James chapter 1, verses 17-27
Mark chapter 7, verses 1-23
Who among us would not respond angrily if someone were to call us a hypocrite? And yet, who among us is not guilty of hypocrisy?
In speaking of us, God says: “This people honors me with their lips, but their hearts are far from me.”
Is there even one among us to whom these words have never been applicable? How easy it is to say: “I believe …Thy will be done …Lord, I am not worthy …Forgive me as I forgive others …and, of course, Amen upon Amen!” But as James warns us, these words that we hear in Sacred Scripture and recite in prayer tell us something …they tell us what we must do. James says: “accept and submit to the Word that has been planted in you …you must do what the Word tells you and not just listen to it and deceive yourselves.”
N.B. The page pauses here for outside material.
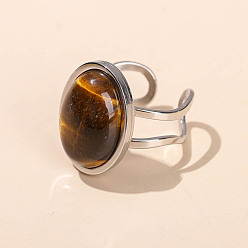 Тигровый глаз 304 Кольца-манжеты из нержавеющей стали и натурального тигрового глаза, овальные, серебряные, внутренний диаметр: 18 мм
James reminds us that we must guard against being contaminated by the world. What does that mean? Well it certainly does not mean that we are to insulate ourselves from the social, economic and political issues and activities of our time. As Jesus said: “Nothing that goes into a person from the outside can make them unclean.”
However if we lose our sense of balance and of proportion to the point where our values become mainly materialistic, utilitarian and even hedonistic, it can then be said that we have indeed become unclean, contaminated or stained by the world.
There is nothing inherently wrong with enjoying this life, with pursuing financial success or with appreciating the many material conveniences of our modern society. But if we enjoy, pursue and appreciate without the moderating influence of justice, integrity and generosity we will become, according to Jesus, “unclean.” Unclean, not because of what went into us but rather because of the distortions that come out of us in the form of pride, avarice, deceit, slander and so on.
Jesus and James caution us against that all too familiar gap between what we say in church and what we do outside. They remind us that in order to avoid hypocrisy we need to be guided by a moral measuring stick of a kind other than those that are marked solely in degrees of pleasure, usefulness and profit. Our measuring stick must bear a scale that also reads levels of justice, integrity and generosity …perhaps we could call it a balance stick.
Then it could be rightly said of us that: “This people honors me, not only with their lips but with their hearts as well.” And in the words of Deuteronomy… “We will demonstrate our wisdom and our understanding.”